# EXERCISE INSTRUCTIONS:
What you copy should be the lines from the one with "アヴリル ラヴィーンに奇妙な噂 実は03年に死去" through the end of the entries, word for word. Omit the pictures.

[PROVIDED MATERIAL]

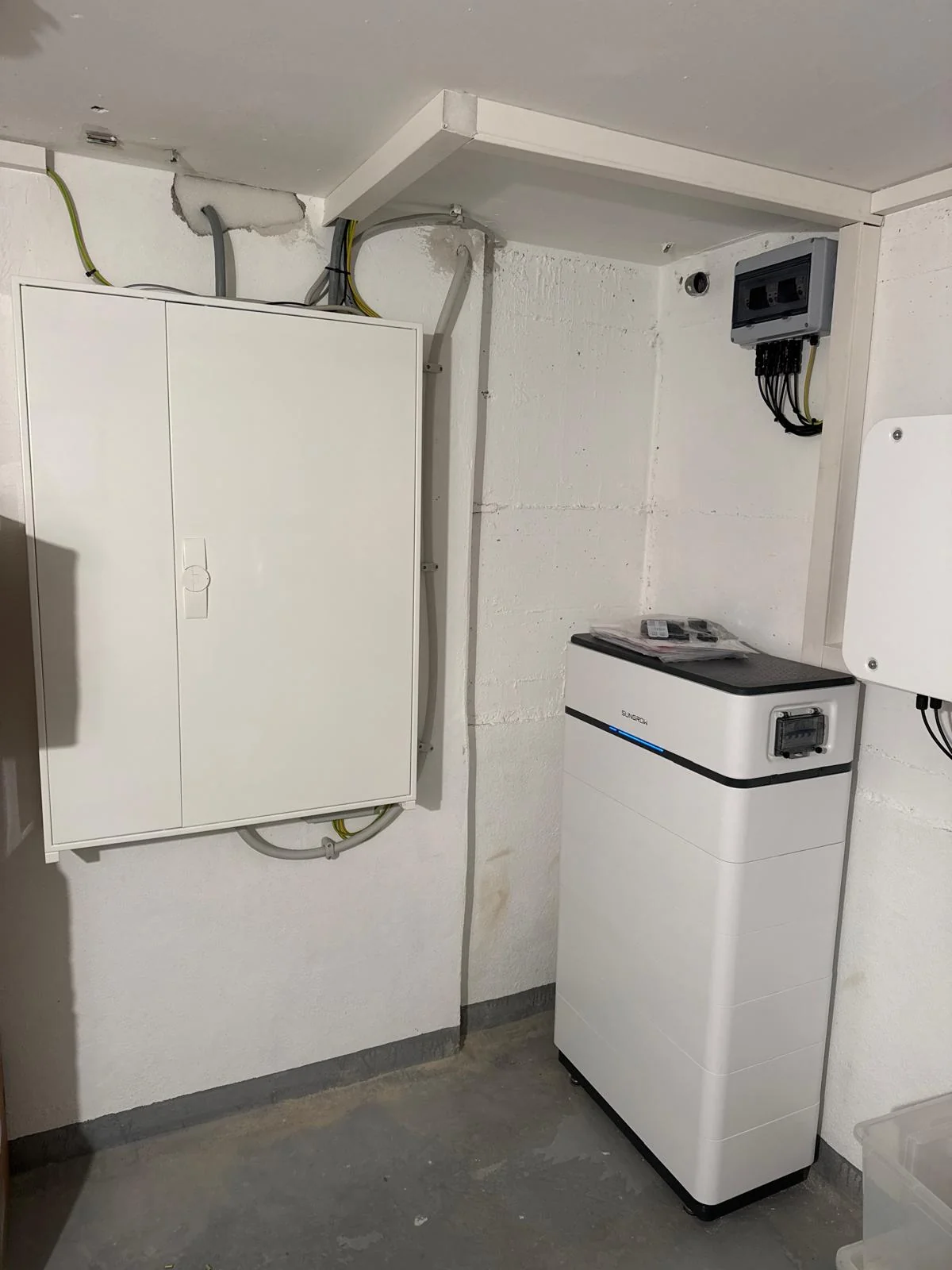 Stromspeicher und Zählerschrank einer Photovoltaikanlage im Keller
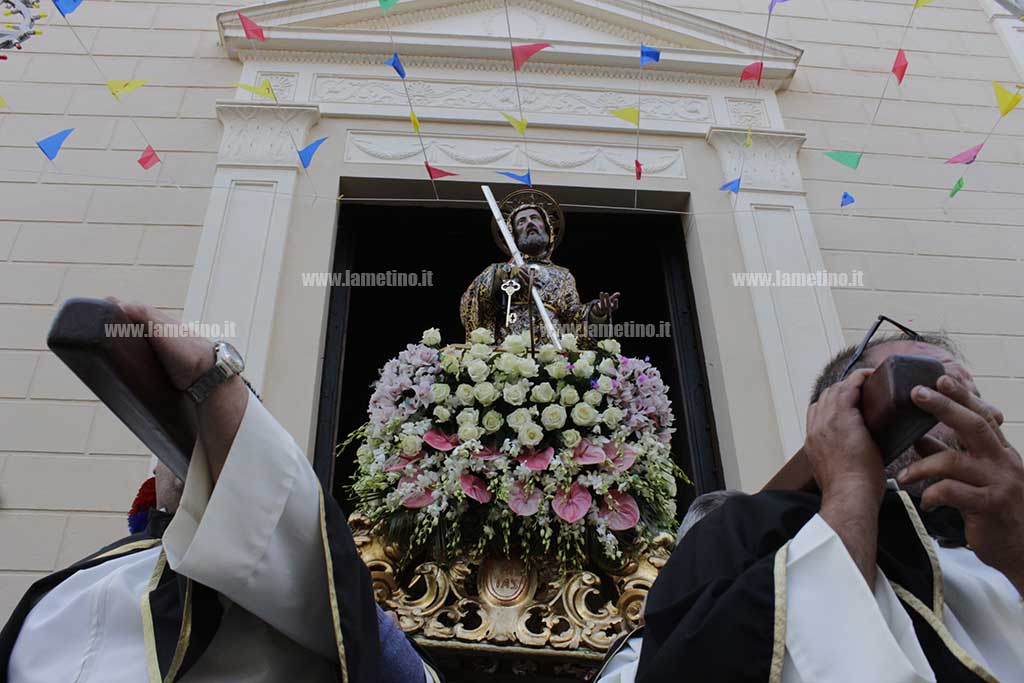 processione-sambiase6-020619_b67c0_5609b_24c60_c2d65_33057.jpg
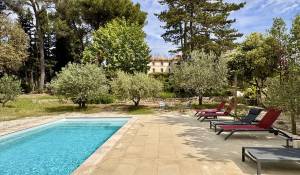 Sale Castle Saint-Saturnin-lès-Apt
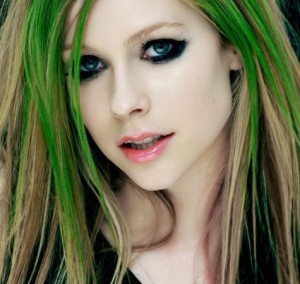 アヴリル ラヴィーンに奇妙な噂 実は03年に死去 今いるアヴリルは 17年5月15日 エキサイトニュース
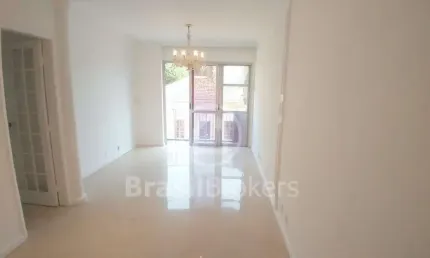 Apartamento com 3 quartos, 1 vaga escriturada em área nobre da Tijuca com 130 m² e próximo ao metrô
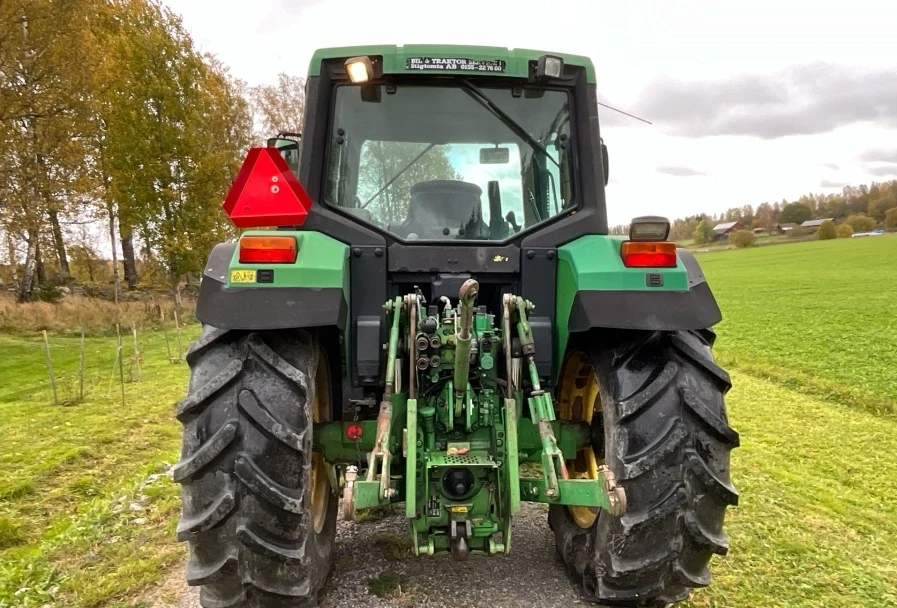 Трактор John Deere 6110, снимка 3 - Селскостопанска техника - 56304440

[/PROVIDED MATERIAL]

# SOLVED EXERCISE:
 アヴリル ラヴィーンに奇妙な噂 実は03年に死去 今いるアヴリルは 17年5月15日 エキサイトニュース
 Apartamento com 3 quartos, 1 vaga escriturada em área nobre da Tijuca com 130 m² e próximo ao metrô
 Трактор John Deere 6110, снимка 3 - Селскостопанска техника - 56304440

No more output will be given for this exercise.